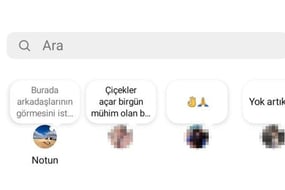 Instagram not sözleri, Instagram not, instagram notuna yazılacak sözler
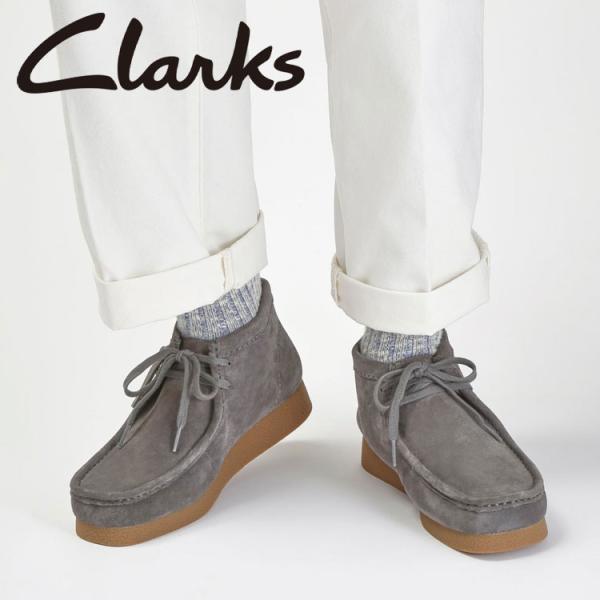 【ポイント10倍】 Clarks(クラークス) WallabeeEVO Bt 26174938 メン...
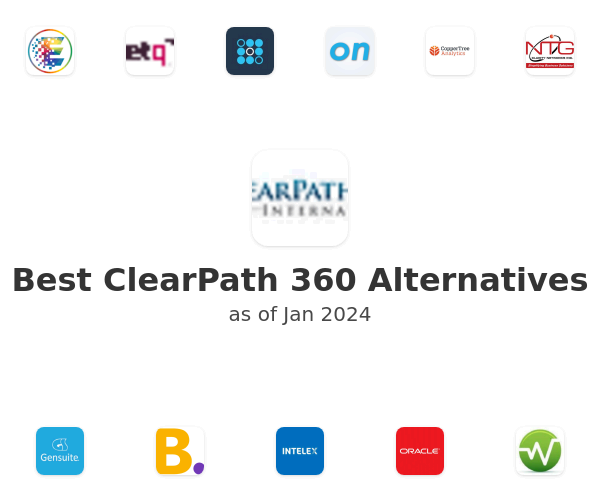 Best ClearPath 360 Alternatives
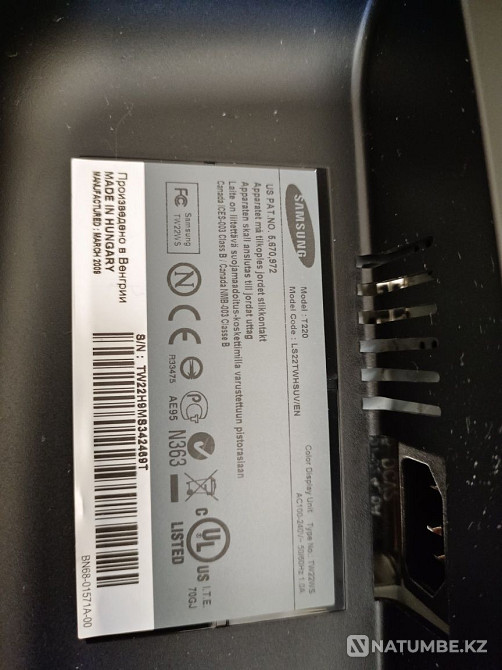 Монитор 22" Samsung Алматы - изображение 4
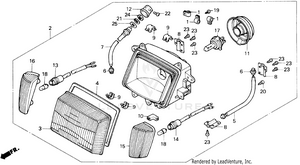 Headlight Schematic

= WHAT IS REQUIRED =
Can the entries above be repeated exactly, without their pictures?

= WRITTEN RESPONSE =
 Instagram not sözleri, Instagram not, instagram notuna yazılacak sözler
 【ポイント10倍】 Clarks(クラークス) WallabeeEVO Bt 26174938 メン...
 Best ClearPath 360 Alternatives
 Монитор 22" Samsung Алматы - изображение 4
 Headlight Schematic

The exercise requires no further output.